アンチマテリアルライフルと対戦車ライフル
アンチマテリアルライフル(対物ライフル)のルーツは、ドイツが1918年に開発したモーゼルM1918対戦車ライフルにまで遡ります。第一次大戦時、それまでなかった大量殺戮兵器である機関銃の登場によって、ヨーロッパの西部戦線は、塹壕戦となって、膠着状態に陥ります。その膠着状態を打破して、敵の塹壕を突破する兵器として、戦車が登場します。
戦車は歩兵にとって最大の恐怖だった
当時の小銃弾では、この戦車の鋼板は貫通できず、歩兵たちにとっては、手も足もでませんでした。

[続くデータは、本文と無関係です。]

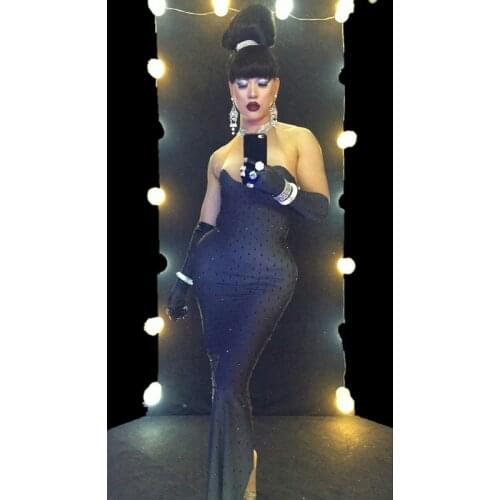 Vintage Hepburn Style Crystals Cocktail Party Dress Women Birthday Celebration Sheath Dress Singer DJ Stage Wear Dancer Outfits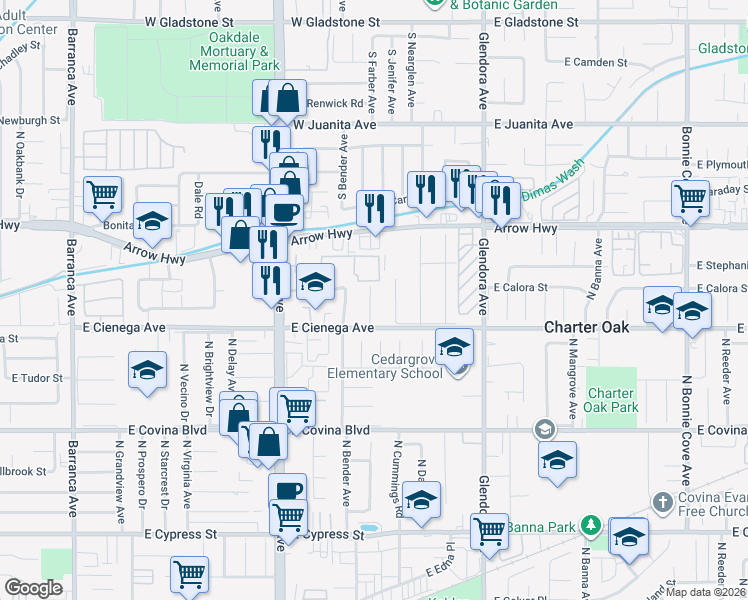 map of restaurants, bars, coffee shops, grocery stores, and more near 5032 North Linda Lou Avenue in Covina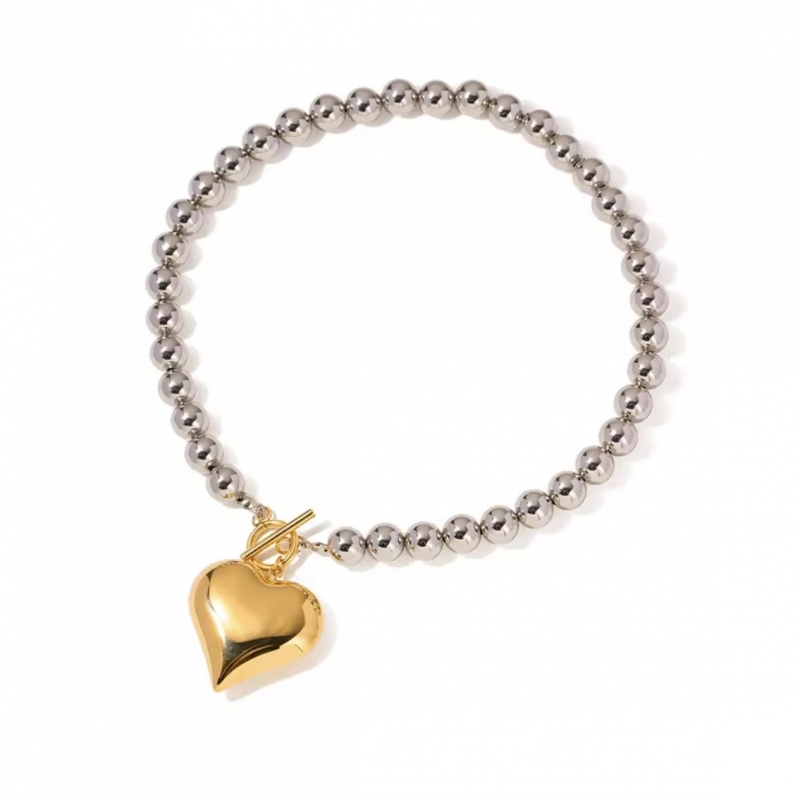 Κολιέ ατσάλι δίχρωμο με καρδιά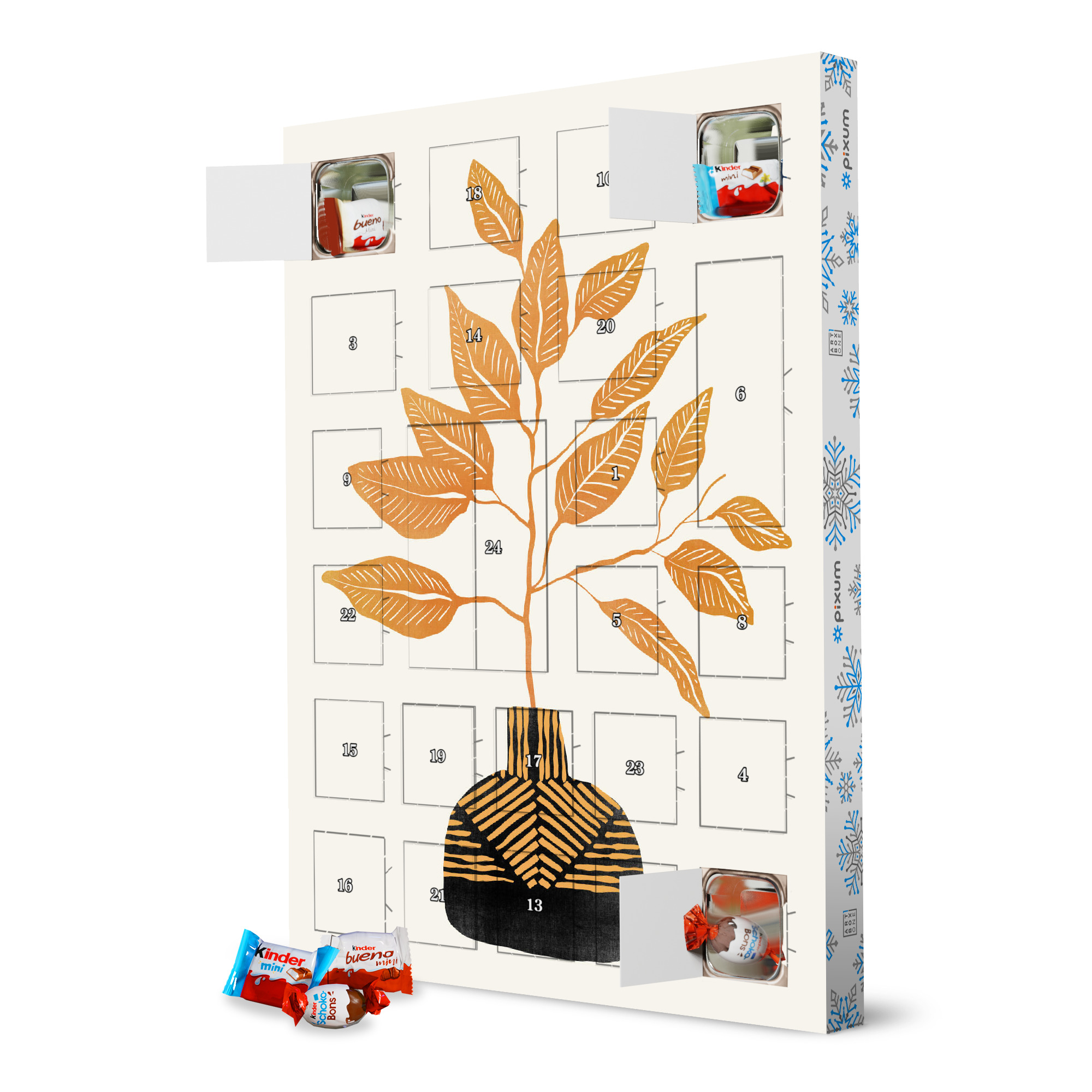 Adventskalender XXL mit Produkten von Kinder Cats & Dotz-Tribal Vase artboxONE Adventskalender Natur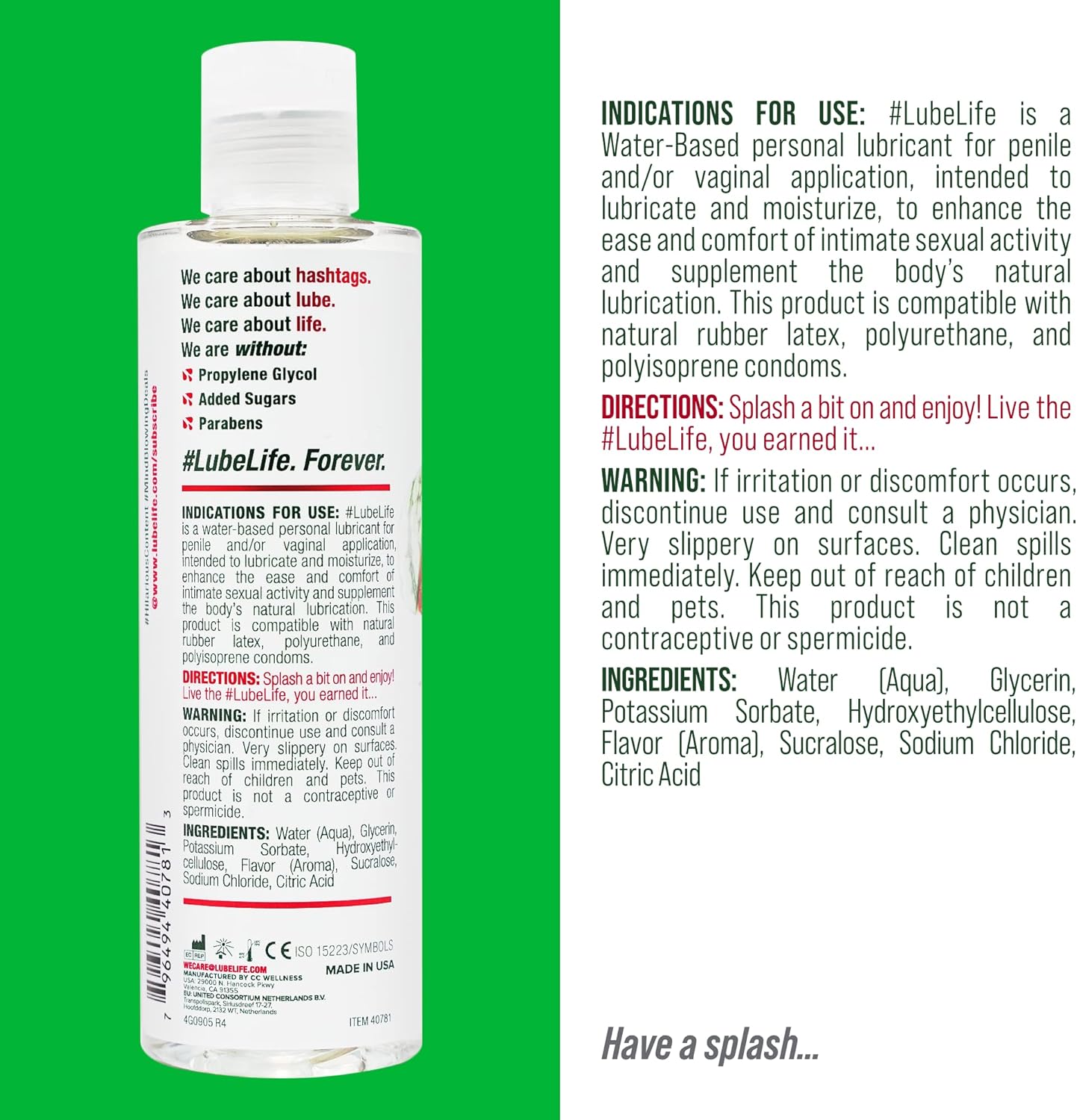 Picture of Lube Life Water-Based Watermelon Flavored Lubricant, Personal Lube for Men, Women and Couples, Made Without Added Sugar, 8 Fl Oz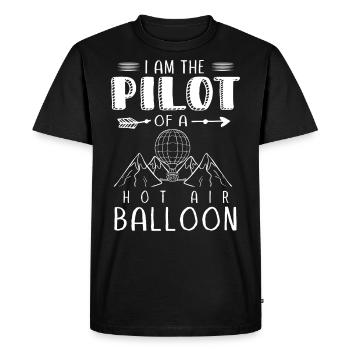 Hot air balloon, flying a hot air balloon - Men's Premium Organic T-Shirt - black - Front - Nico (187cm)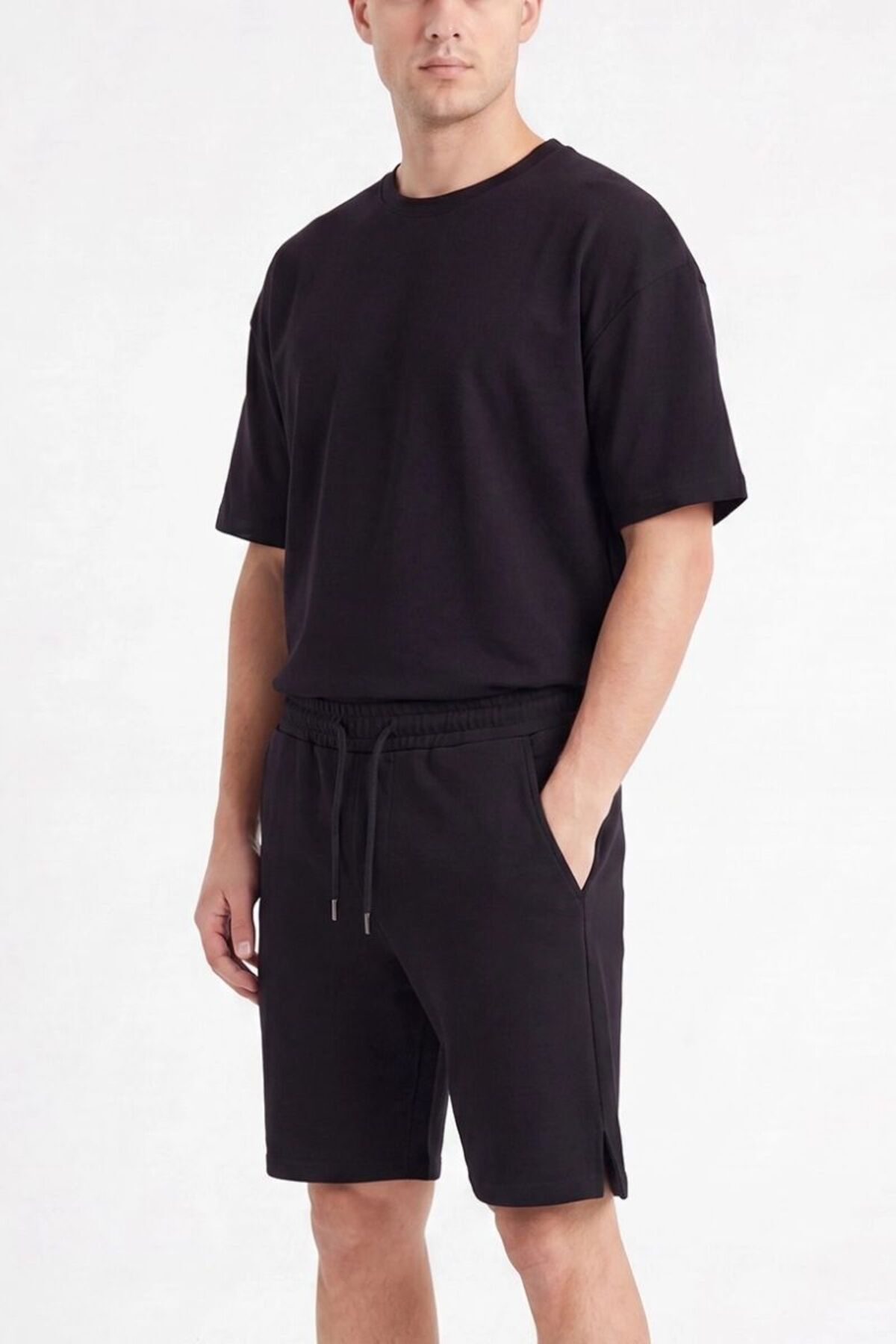 Erkek Bisiklet Yakalı Pamuk Yan Cep Yırtmaçlı Comfort Şortlu Takım Siyah - 2XL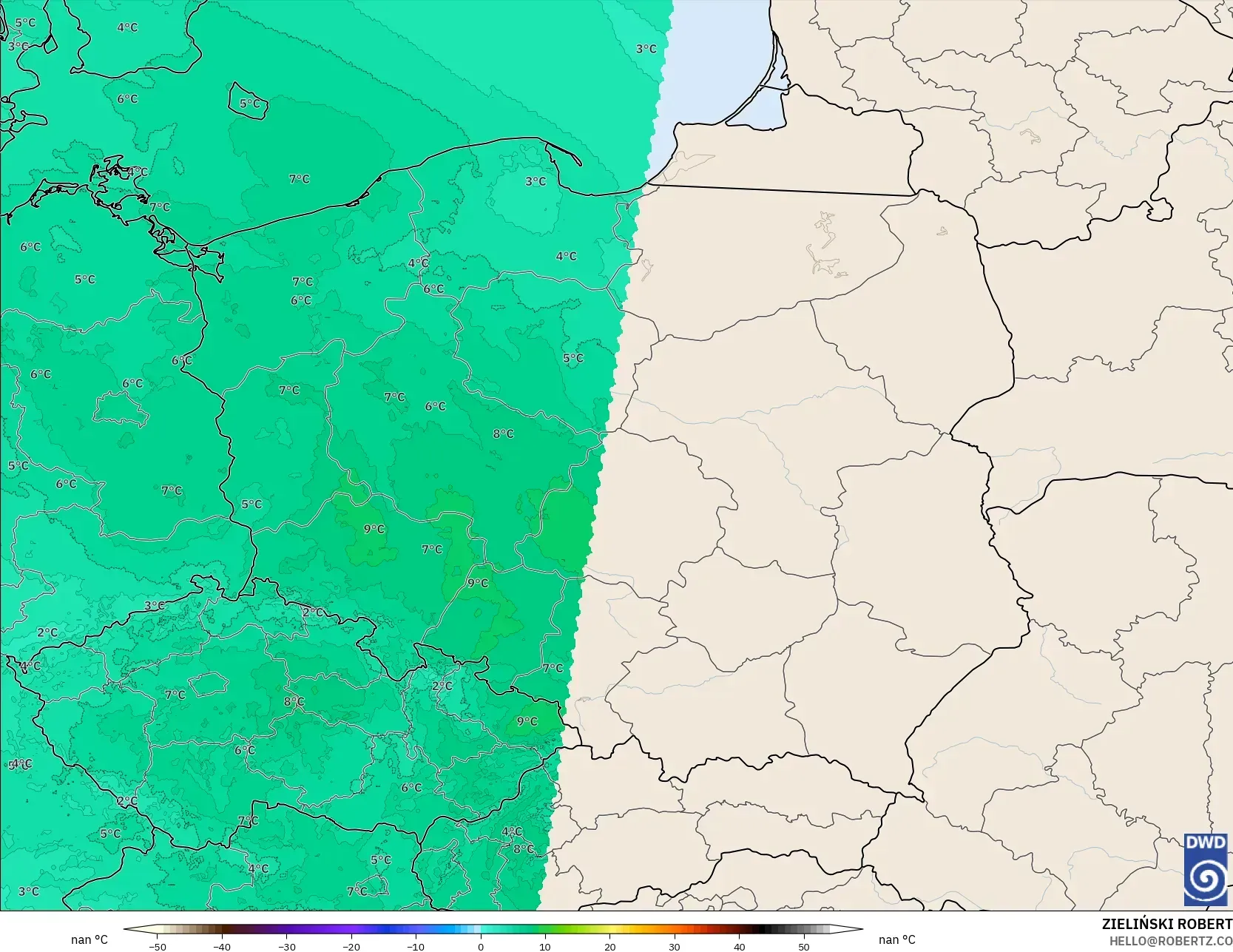 ICON Germany 2 km model - Poland, Temperature at 850hPa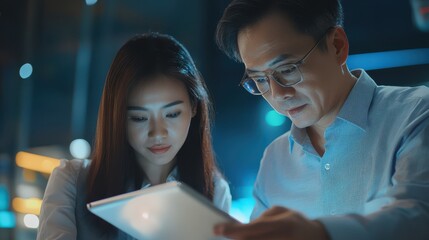 Closeup of Asian man and woman analyzing data on a tablet in an office with blurred techthemed background, digital strategy concept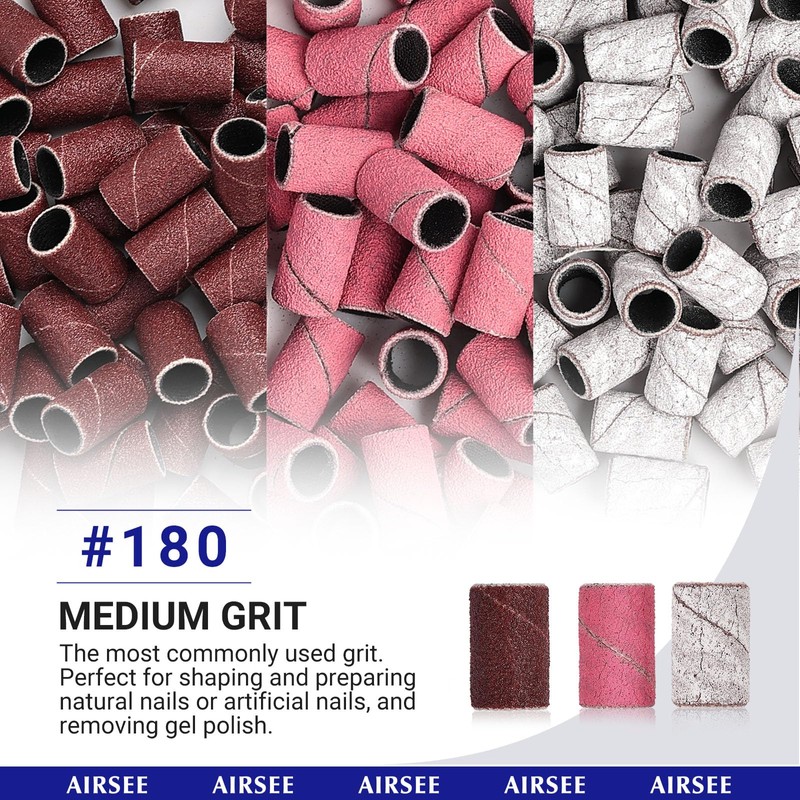 AIRSEE Sanding Bands for Electric Nail Drill 100 Piece Set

そこで、塹壕内に落ちて鹵獲した敵戦車の装甲を研究して、貫通させるだけのスペックをもったライフルとして開発されたのが、世界初の対戦車ライフル「モーゼルM1918」でした。
モーゼルM1918対戦車ライフルのスペック
モーゼルM1918対戦車ライフルは、モーゼルKar98kの口径を13ミリにして、全体をそのままスケールアップしたデザインです。作動方式は、シングルショット式のボルトアクション、全長が1700ミリで、重量が16.3キロです。これほどの重量を持つライフルにもかかわらず、口径13ミリの反動は凄まじく、人が肩付けでスナイピングができる、限界に近いスペックでした。ちなみに、いま対物ライフル用の口径として使われている50BMG弾は、この13ミリモーゼル弾を参考にして、ジョン・M・ブローニングが開発した弾薬です。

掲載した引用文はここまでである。